Part of our food storage includes canning cheese and meat.  Up until a few years ago we didn't have enough solar power here on our off-grid homestead to run a refrigerator, so things like cheese had to be canned so we could have them without making the long drive to town.  I've already posted about our food storage cheeseburgers, but pizza is another one of our special foods from our storage.
 
I start off by making the crust, which is very similar to making bread.  I use one teaspoon of yeast rather than the 2 1/4 teaspoons that equal one packet of active dry yeast.  I also add a teaspoon of baking soda, but other than that I use the same recipe I use for bread.  In this picture I used pie pans because we were camping in our homemade camper-in-an-old-uhaul truck and I didn't have my pizza pan along.  It worked good; my husband and I each got a 'pan pizza'.
 
For the sauce I open a can of tomato sauce or spaghetti sauce.  If it's tomato sauce I add half a teaspoon each of oregano, basil, thyme, garlic powder, and fennel.  I spread that on the crust.
 
Then I open a jar of mozzarella cheese.
 
 
I dip the jar in hot water to loosen the cheese from the sides of the jar, then using a knife I ease the cheese out of the jar.  The cheese is the same consistency as fresh mozzarella cheese and it grates very nicely.  In the picture at the top of this post I didn't have my cheese grater with me so I used my fingers and a paring knife to crumble the canned cheese into little pieces, and I spread those over the sauce on the crust.
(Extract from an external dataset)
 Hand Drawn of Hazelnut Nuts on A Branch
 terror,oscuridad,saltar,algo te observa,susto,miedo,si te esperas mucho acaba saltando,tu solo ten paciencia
Now I keep a grater in the camper.
 
Next comes meat.
 
 
That particular pizza was made with our home-canned pizza sausage, which was made from a couple of hogs we raised and butchered in 2008.  The picture (and pizza) is from summer 2010.  I store home-canned meat in our dark, cool, hand-dug root cellar, which lengthens it's shelf life and we're not afraid to use meat a couple years old.
 
 
This food-storage pizza has ham and pineapple on it.  I used canned ham chunks, the kind that come in little cans like tuna.  It came from the Dollar Tree store.  I have canned small jars of ham, too, using leftover ham from a holiday meal.  The pineapple is canned pineapple tidbits from the store.
 
 
 
Other toppings I might put on the pizza are (clockwise, from bottom left) onions, peppers, mushrooms, olives, and in the center, tomoatoes.  These are all home-dried, and the onions, peppers, and tomatoes were grown in our garden.  The mushrooms and olives came from store-bought cans.  When I open a can I rarely use the whole thing, so I spread the leftovers on drying racks and set them on special brackets we have above our woodstove.  When they're dry, I add them to the jars.
 
When I first start a pizza I decide what is going to go on it.  I put the dry vegetables in a bowl and add room-temperature water to them.  If I do that before I start the crust, the vegetables are reconstituted and ready to use by the time I'm ready for them.
 
We don't use the whole can of pineapple, either, so next time I make a pizza I'm going to try dehydrating the rest of the can.  My friend Dave, of Dave's Kitchen, says he does it with success.  He has electricity, though, and uses an electric dehydrator.  I'll have to make sure we have enough heat from the woodstove to dry the pineapple before it spoils or molds.
 
I'd like to try drying half of the can of ham, too, since we don't need the whole thing for a pizza.  Both ham and crumbled sausage should dehydrate well, since they're both cooked meats.  It would keep long enough to use it for another meal, without worrying about refrigeration. 
 
One of the pizzas I plan to make from food storage soon will have canned chicken chunks and tomato, which is one of my favorite pizzas.  I might even use some canned cream cheese and make it an alfredo pizza instead of using tomato sauce.
 
These are just suggestions for a special meal from food storage.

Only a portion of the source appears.